Just like owning more than one car would mean more gas, washes, repairs and upkeep, having more than one bank account means more monitoring, maintenance and greater risk of identity theft.
Here’s why you may want to think twice before opening up another account:
Monthly Fees and Separate Policies Can be Complicated
That $5 monthly fee on your checking account adds up to $60 each year. Open up two more accounts at the same rate and the amount triples to a total of $180. Save yourself some extra cash and think twice before opening additional accounts that serve more or less the same purpose.
Different accounts can also come with different policies, depending on whether you use different banks or different kinds of accounts. It’s easy to get the fine printed rules and regulations for each one mixed up, so if you do decide to open up more than one account you might want to consider using a computer program or tracking system that allows you to keep track of your money with ease.

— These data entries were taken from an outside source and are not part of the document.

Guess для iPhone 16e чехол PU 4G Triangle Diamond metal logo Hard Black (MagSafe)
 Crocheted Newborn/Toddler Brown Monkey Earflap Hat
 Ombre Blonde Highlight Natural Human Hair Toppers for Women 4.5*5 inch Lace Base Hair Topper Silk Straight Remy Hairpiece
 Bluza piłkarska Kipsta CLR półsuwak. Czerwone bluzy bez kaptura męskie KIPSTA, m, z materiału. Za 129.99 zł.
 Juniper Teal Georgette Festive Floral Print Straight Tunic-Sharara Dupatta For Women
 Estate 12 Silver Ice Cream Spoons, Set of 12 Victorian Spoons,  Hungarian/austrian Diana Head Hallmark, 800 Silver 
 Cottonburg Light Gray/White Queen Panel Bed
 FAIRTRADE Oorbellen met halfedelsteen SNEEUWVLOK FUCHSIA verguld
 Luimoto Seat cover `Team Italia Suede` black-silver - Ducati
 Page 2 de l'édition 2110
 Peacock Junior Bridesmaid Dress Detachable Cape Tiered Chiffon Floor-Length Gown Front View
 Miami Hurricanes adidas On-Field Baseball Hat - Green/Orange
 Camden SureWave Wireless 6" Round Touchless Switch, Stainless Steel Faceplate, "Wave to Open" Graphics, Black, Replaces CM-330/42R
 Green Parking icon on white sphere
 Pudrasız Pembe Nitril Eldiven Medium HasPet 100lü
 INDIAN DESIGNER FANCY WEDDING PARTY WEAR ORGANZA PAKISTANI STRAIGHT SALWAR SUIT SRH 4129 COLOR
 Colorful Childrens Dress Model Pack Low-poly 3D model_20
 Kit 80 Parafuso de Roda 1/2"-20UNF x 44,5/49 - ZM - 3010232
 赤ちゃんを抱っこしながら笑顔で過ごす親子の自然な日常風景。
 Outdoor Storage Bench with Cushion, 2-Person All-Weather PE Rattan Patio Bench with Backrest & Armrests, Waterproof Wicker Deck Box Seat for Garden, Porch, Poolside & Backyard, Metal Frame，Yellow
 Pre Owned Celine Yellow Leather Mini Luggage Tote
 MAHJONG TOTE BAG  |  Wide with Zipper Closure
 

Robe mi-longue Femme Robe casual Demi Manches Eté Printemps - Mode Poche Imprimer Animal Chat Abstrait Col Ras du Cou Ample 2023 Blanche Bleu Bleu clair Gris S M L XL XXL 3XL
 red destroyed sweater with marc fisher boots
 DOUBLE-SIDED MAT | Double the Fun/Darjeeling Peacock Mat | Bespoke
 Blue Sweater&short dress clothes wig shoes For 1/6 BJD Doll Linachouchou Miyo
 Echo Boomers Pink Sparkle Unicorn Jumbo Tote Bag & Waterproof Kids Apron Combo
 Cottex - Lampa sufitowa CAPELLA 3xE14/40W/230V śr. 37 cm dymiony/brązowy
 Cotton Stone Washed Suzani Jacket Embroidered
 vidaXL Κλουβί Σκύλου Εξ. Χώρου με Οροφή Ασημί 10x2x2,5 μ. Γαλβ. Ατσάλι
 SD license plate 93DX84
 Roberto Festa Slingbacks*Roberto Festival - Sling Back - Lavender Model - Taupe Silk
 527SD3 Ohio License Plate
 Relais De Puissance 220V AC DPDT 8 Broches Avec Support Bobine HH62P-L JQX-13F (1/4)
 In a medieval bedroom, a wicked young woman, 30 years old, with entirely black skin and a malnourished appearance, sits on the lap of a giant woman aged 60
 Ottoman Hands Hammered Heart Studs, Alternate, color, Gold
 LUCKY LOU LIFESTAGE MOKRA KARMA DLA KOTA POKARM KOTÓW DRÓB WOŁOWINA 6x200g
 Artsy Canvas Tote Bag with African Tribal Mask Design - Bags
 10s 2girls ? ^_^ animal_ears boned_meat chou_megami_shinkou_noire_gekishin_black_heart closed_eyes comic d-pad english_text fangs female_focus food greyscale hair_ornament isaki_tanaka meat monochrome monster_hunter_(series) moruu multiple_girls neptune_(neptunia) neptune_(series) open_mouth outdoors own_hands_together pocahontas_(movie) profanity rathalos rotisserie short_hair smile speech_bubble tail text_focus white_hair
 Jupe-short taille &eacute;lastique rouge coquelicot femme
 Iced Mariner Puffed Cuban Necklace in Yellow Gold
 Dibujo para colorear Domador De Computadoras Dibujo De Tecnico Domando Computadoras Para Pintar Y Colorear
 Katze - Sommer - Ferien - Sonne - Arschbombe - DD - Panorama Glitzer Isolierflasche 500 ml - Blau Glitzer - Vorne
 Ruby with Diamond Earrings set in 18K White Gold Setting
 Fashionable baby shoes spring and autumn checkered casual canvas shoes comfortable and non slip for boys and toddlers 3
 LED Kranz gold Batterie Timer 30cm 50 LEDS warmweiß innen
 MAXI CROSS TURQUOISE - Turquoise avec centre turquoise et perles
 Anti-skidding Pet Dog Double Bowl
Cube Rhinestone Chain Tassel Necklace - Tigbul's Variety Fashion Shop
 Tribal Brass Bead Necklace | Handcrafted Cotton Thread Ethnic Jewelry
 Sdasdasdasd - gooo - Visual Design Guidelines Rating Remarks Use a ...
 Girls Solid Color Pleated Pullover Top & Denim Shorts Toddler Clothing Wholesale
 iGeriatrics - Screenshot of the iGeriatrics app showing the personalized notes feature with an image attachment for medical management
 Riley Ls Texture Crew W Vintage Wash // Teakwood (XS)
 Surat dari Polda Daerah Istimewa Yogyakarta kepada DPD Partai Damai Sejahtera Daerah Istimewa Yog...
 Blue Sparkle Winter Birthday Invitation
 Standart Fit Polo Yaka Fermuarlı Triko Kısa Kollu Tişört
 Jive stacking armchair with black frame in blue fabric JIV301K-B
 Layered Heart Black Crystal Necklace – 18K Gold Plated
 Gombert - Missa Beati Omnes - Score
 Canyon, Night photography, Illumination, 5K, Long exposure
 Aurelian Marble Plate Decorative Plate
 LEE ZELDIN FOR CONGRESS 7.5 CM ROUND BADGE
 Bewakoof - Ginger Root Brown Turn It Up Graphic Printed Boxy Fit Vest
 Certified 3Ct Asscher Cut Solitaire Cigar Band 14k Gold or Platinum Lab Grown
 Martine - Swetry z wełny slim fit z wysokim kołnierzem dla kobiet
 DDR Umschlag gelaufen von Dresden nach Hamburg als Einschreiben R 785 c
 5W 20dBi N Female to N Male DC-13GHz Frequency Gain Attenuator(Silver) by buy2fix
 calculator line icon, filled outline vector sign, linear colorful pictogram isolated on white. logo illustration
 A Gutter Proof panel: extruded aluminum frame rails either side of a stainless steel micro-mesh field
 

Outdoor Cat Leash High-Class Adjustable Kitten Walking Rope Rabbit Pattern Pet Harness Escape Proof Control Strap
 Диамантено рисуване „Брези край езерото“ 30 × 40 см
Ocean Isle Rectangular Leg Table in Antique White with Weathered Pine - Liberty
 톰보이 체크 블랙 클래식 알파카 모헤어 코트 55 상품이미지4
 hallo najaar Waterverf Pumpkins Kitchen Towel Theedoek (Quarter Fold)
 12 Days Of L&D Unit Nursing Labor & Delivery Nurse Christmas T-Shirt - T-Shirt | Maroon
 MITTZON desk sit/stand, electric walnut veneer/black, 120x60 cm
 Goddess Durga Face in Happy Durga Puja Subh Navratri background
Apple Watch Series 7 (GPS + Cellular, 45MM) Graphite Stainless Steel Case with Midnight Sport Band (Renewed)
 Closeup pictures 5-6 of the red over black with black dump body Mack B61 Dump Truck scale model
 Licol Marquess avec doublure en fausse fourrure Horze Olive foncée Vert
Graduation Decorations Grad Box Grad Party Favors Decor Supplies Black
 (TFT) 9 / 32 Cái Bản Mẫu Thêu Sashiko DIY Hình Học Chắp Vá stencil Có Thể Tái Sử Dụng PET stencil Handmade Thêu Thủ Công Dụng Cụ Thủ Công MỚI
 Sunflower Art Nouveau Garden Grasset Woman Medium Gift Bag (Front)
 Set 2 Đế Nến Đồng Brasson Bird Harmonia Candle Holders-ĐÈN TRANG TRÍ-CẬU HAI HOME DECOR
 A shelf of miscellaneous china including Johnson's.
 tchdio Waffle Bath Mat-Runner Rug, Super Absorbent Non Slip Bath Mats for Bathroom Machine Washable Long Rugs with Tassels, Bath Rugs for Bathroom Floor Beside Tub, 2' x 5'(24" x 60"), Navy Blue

When Multiple Accounts Are Helpful
If you can find a way to track your money without having to transfer in and out of multiple accounts, having more than one might be useful to separate your savings from your long-term investments, everyday spending money, or other funds.
Software tools like Quicken and financial institutions such as ING Direct can make things easier. Quicken allows you to input many bank accounts and manage your finances without having to consult a financial expert. ING Direct is an Online bank that boasts an interface that allows you to open multiple accounts under a single customer number and pin. This would save you the trouble of memorizing multiple PINs and account numbers with which withdraw or deposit money.